On Monday March 13, [EMAIL PROTECTED] wrote:
> Hi all,
>
> I just experienced some kind of lockup accessing my 8-drive raid5
> (2.6.16-rc4-mm2). The system has been up for 16 days running fine, but
> now processes that try to read the md device hang. ps tells me they are
> all sleeping in get_active_stripe. There is nothing in the syslog, and I
> can read from the individual drives fine with dd. mdadm says the state
> is "active".
Hmmm... That's sad. That's going to be very hard to track down.
If you could
echo t > /proc/sysrq-trigger
and send me the dump that appears in the kernel log, I would
appreciate it.
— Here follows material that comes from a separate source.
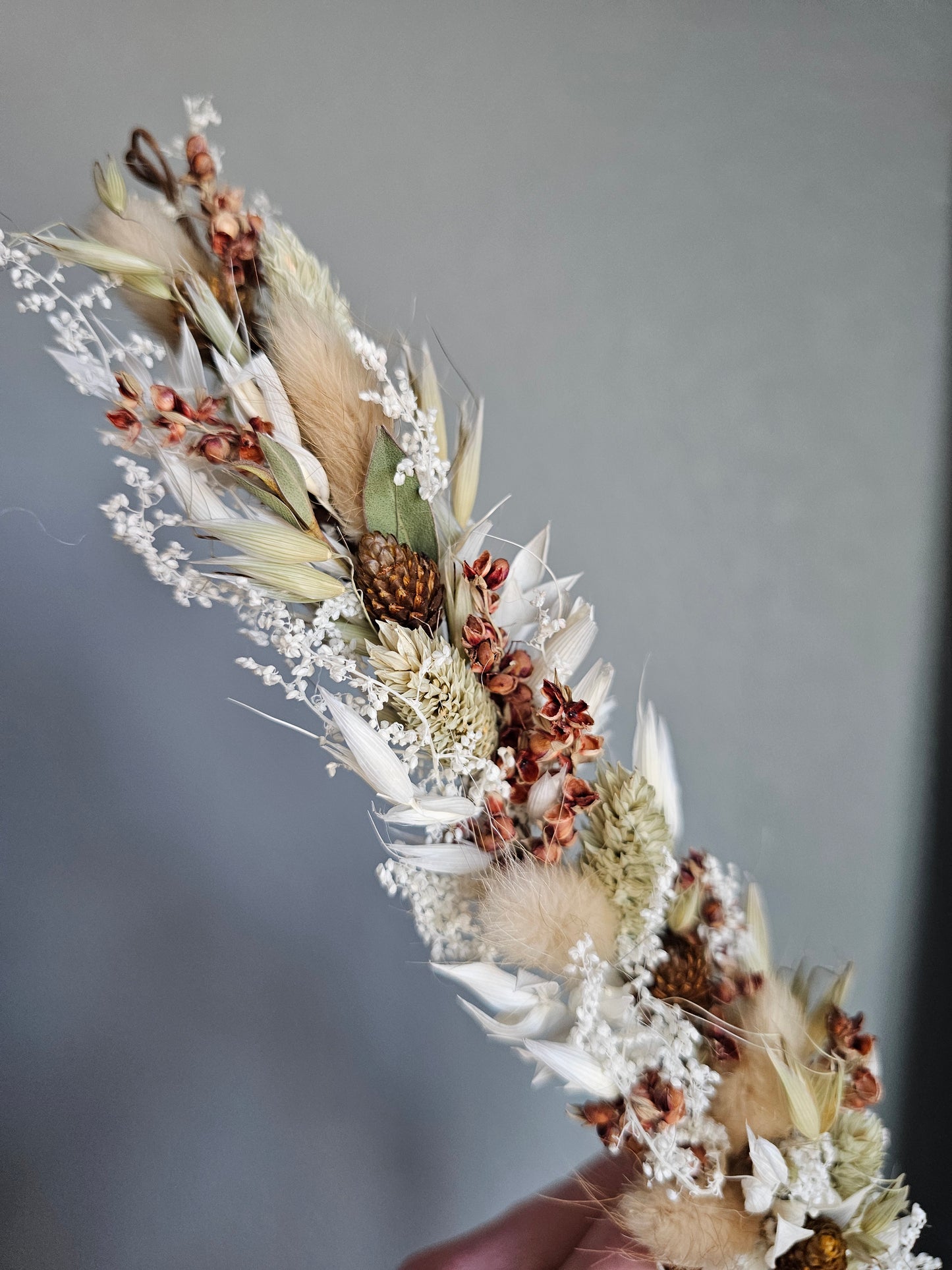 Nude and Light Green Dried Garden wedding hair crown, dried flower hair wreath, mix of Oats and Dried flowers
I doubt it will be very helpful, but it is the best
bet I can come up with.
>
> I'm not sure what to do now. Is it safe to try to reboot the system or
> could that cause the device to get corrupted if it's hung in the middle
> of some important operation?
You could try increasing the size of the stripe cache
echo 512 > /sys/block/mdX/md/stripe_cache_size
(choose and appropriate 'X').
Maybe check the content of
/sys/block/mdX/md/stripe_cache_active
as well.
Other than that, just reboot. The raid5 will do a resync, but the
data should be fine.
NeilBrown
-
To unsubscribe from this list: send the line "unsubscribe linux-raid" in
the body of a message to [EMAIL PROTECTED]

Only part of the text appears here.